The officer was later identified working at an Australian international airport. It was established that this officer’s daughter was connected via social media to women with OMCG associations. The daughter was peripherally known to these women as they had attended a secondary school in proximity to her own and she socialised with some of the same people. The daughter admired these women and the glamourous life they portrayed online.

No evidence of contemporary physical contact between the daughter and the women was identified. ACLEI investigators assessed that it was possible that the daughter of the officer may have inadvertently shared details about her parent’s employment amongst the group. It was also conceivable this situation was already widely known. This may have subsequently resulted in:

  • Discussion within friendship groups of OMCG associated members about the officer’s position as a frontline employee at an international airport.

  • The circulation in these friendship groups of rumours about law enforcement targeting of specific OMCG members and their associates as they travelled into and out of Australia.

  • An OMCG associated person making statements at the border to the effect that they moved in the same social circles as the daughter of the identified officer.

The officer participated in a record of interview, under criminal caution, with ACLEI investigators. They acknowledged that their daughter was obviously aware of their employment with a law enforcement agency and would have gained a general understanding of their day to day functions and duties at the airport.

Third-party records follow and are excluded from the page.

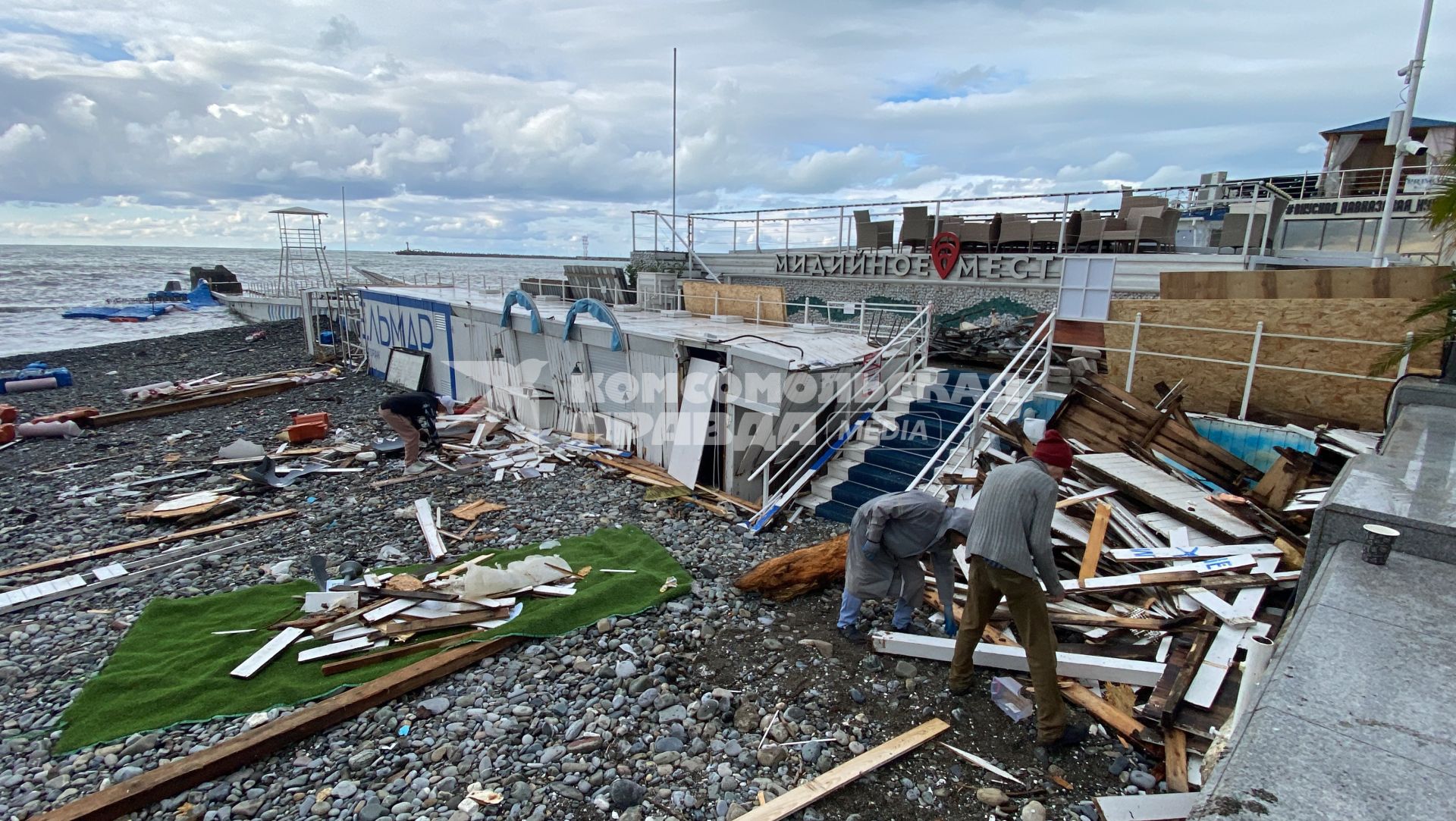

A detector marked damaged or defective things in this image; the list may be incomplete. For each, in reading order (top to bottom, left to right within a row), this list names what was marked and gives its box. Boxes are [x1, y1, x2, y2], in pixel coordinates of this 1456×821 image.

broken wooden beam [31, 635, 524, 821]
broken wooden beam [733, 719, 949, 821]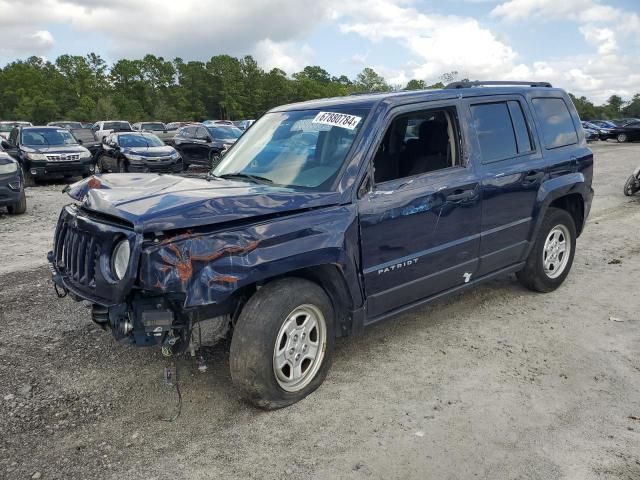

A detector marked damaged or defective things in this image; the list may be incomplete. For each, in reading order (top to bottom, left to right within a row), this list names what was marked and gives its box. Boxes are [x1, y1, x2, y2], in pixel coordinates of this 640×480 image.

bent hood [65, 173, 342, 233]
broken headlight [112, 240, 131, 282]
damaged blue suv [50, 82, 596, 408]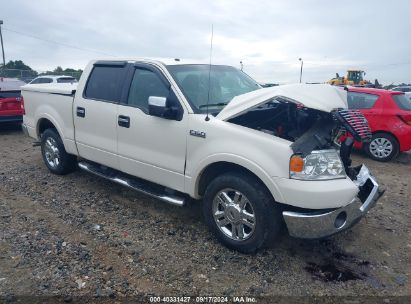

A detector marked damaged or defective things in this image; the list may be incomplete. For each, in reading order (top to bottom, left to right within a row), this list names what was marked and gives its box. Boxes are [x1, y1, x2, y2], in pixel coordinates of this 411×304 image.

bent hood [217, 84, 350, 121]
damaged front end [222, 84, 386, 239]
cracked headlight [290, 150, 348, 180]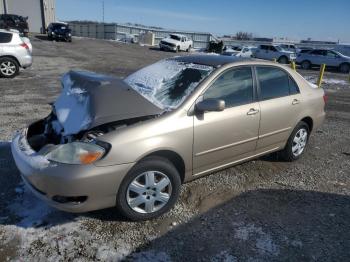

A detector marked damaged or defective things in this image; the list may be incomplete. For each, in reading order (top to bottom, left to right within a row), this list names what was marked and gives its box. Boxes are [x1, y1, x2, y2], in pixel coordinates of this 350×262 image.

crumpled hood [53, 70, 163, 135]
broken front bumper [10, 131, 134, 213]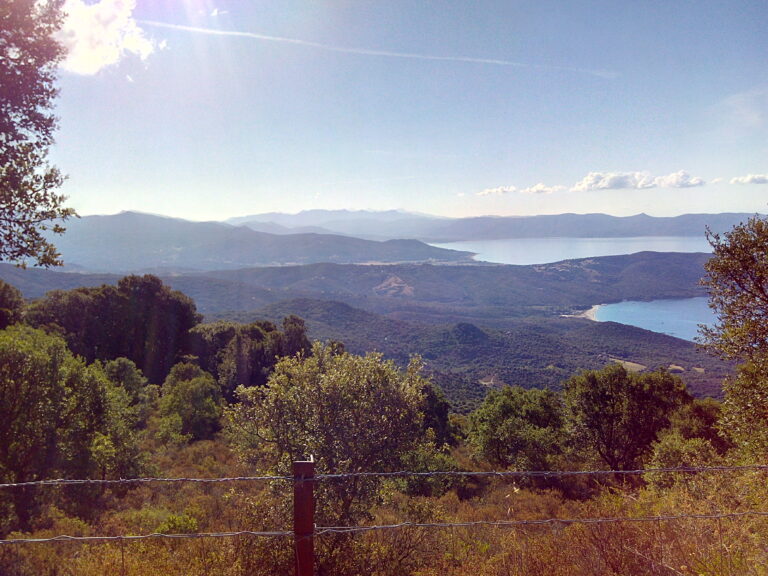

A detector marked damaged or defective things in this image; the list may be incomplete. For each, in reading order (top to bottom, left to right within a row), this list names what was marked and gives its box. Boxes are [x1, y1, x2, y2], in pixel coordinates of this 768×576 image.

rusty metal post [296, 460, 316, 576]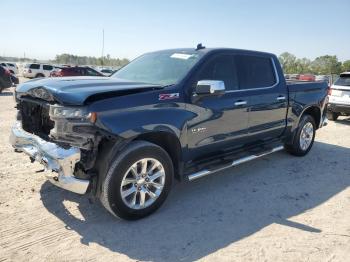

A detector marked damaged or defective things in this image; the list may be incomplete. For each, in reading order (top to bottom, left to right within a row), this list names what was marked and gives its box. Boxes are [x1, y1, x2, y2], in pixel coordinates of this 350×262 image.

crumpled front hood [16, 76, 161, 105]
detached bumper piece [9, 121, 89, 194]
damaged front bumper [9, 121, 89, 194]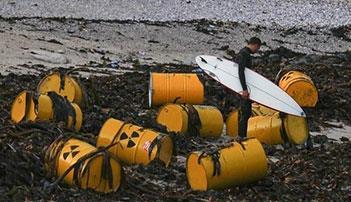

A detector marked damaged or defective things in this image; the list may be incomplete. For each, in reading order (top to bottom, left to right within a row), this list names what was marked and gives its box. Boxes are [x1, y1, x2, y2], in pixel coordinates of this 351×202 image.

rusted barrel [148, 72, 204, 107]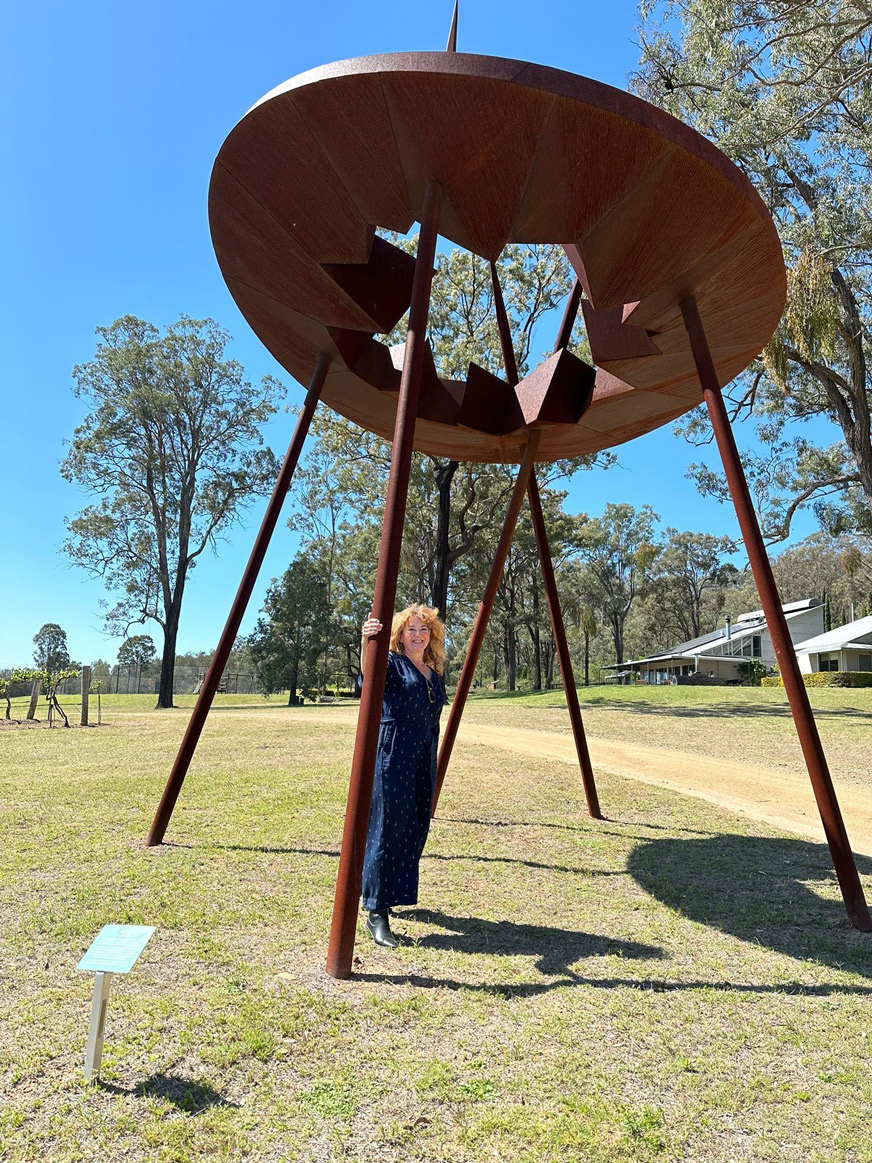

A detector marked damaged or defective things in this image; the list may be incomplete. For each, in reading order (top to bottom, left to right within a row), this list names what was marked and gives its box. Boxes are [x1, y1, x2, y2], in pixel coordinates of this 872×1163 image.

rusted steel sculpture [147, 40, 869, 976]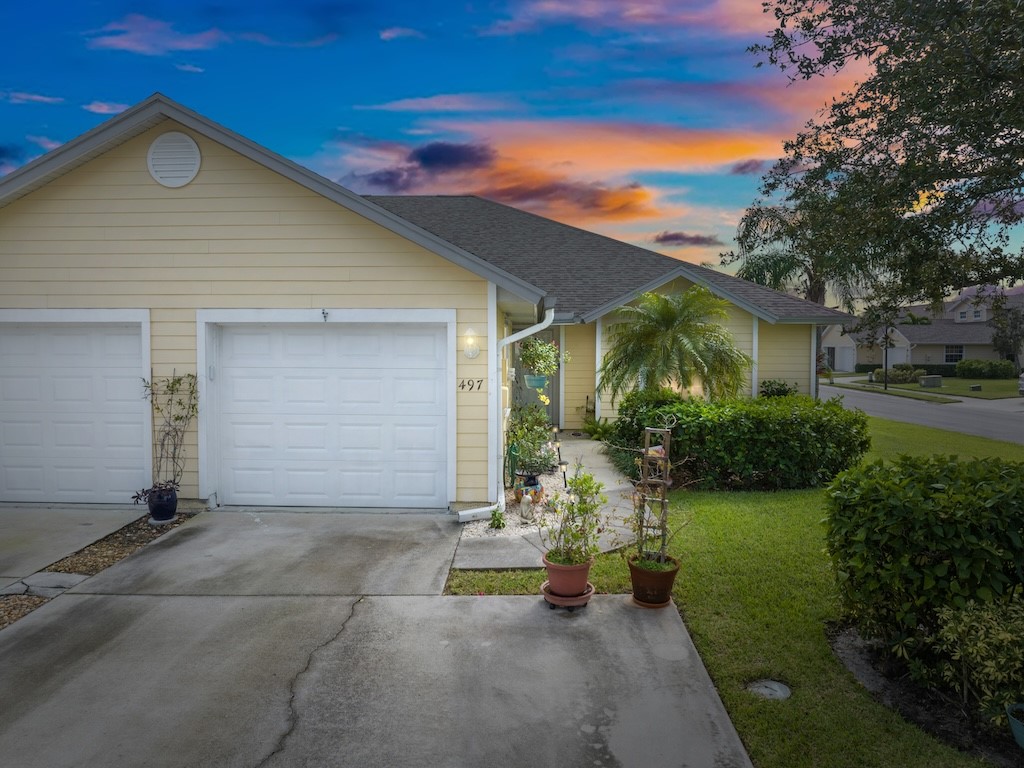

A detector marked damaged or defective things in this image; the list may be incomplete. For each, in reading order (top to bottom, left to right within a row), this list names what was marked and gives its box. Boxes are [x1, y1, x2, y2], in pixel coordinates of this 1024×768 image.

crack in driveway [254, 593, 364, 768]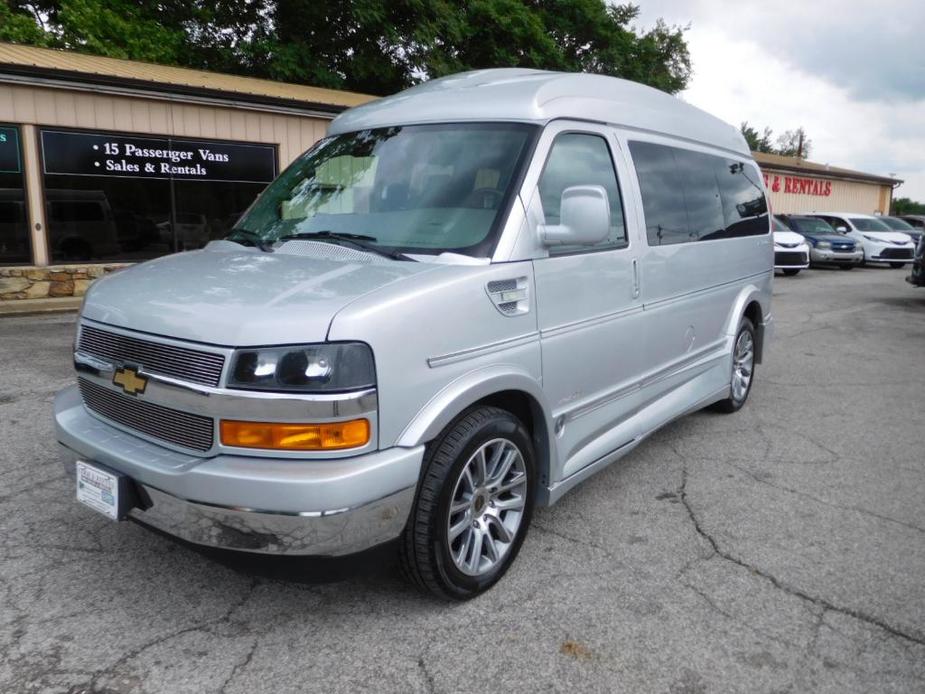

The officer told ACLEI investigators they had provided general warnings to their daughter about the dangers of socialising with people engaged in or connected with criminal activity, including OMCGs. These warnings were provided based on the assumption that these people could attract the attention of law enforcement.

The ACLEI investigation exonerated the officer, finding no evidence of unauthorised disclosure or misconduct of any kind. Investigations suggested that an amalgamation of circumstances involving the widespread knowledge of the officer’s employment, online rumours and innuendo, and certain law enforcement activity at the border had manifested itself into a series of communications, amongst a tightknit group of OMCG associated friends, which erroneously implied corrupt conduct on the part of the officer, and that was not supported by evidence.

Of concern to ACLEI investigators was the genuine risk of compromise of the daughter arising from peer group, social or other pressures. There was also a risk that this could lead to OMCG members or associates coercing the law enforcement officer into corrupt conduct through direct or implied threats of harm to the daughter.

This case study highlights the importance for law enforcement employees to consider:

  • The implications of the information or opinions they share with family members or friends, and who this information is being shared with beyond your circle of association.

  • The level of access to information or decision-making you hold, and the value of that information or access to criminal entities.

Supervisors and managers may wish to have a conversation with staff about:

  • The risk of grooming or improper approaches by organised criminal entities, not just of law enforcement employees, but also their close family.

  • Particular risks in your specific operating environments.

  • The importance of integrity reporting, including declarable associations or adverse contact, online or real world, of themselves or family members.

  • How integrity reporting can protect you and your colleagues. In this case, the officer who heard an OMCG associated person state they had a social connection to another law enforcement officer submitted an integrity report about the conversation. This protected them when the matter became a corruption investigation, but also assisted in exonerating their colleague.